Is the angle between $px+qy+12=0$ and $px+qy+20=0$ $0$ or $\pi$?

Question

This question came in the Rajshahi University admission exam 2010-11

Q) Angle between $px+qy+12=0$ and $px+qy+20=0$ is-

(a) $\frac{\pi}{3}$

(b) $\frac{\pi}{2}$

(c) $\pi$

(d) None of the above

My attempt:

$$\tan\theta=\pm\frac{m_1-m_2}{1+m_1m_2}$$

$$\tan\theta=\pm\frac{-\frac{p}{q}+\frac{p}{q}}{1+\frac{p^2}{q^2}}$$

$$\tan\theta=0$$

$$\tan\theta=n\pi,n\in \mathbb{Z}$$

Now, $\theta=0,\pi,...$

There is $\pi$ in (c), so I'll go with (c). The third-party question bank agrees with me that (c) is the correct answer.

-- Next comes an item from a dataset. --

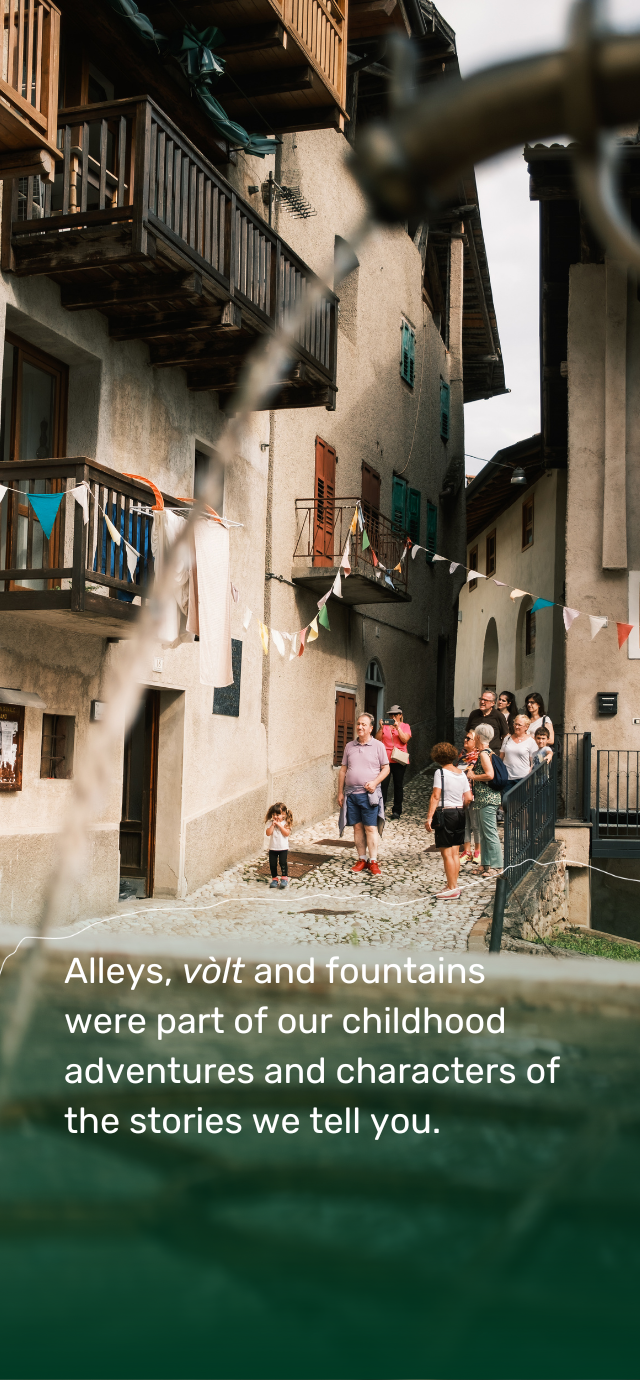 A fountain in the foreground frames a glimpse of an ancient village. In the background, cobbled alleys, stone houses with wooden balconies and colourful windows. Festoons of flags cross the street. A group of people, including adults and children, stroll down the alley. A little girl with her hands over her face seems to be playing or protecting herself from the sun. The text on the photo reads: ‘Alleys, vòlt and fountains were part of our childhood adventures and characters of the stories we tell you’.  Translated with DeepL.com (free version) | © Filippo Frizzera, 2024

However, I saw the following on the internet:

An angle is formed when one line intersect another line in some specific manner . And the degree of the angle is determined by how the lines intersect each other .

Two parellel line never intersect each other . So no angle is formed between them .

So its safe to say the angle between two lines is undefined or zero degrees.

As "undefined" or "0" has not been given in the options, should I go with (d)?

Answer 1

From my Answer to your previous Question:

“when two straight lines intersect, the angle between them is uniquely specified by some angle in $\mathbf{[0,90^\circ].}$ This is in fact the standard way to specify the angle between two straight lines.”

Adding to that:

• the angle between two coincident lines is $\mathbf{0^\circ},$ while
• the angle between two parallel lines is undefined.

On the other hand, the angle between two nonzero Euclidean vectors sharing a common $n$-dimensional space is always defined (and lying in $[0,180^\circ]$), since these vectors are “portable” in space.

Answer 2

Yes. The lines are parallel, so the answer is "none of the above".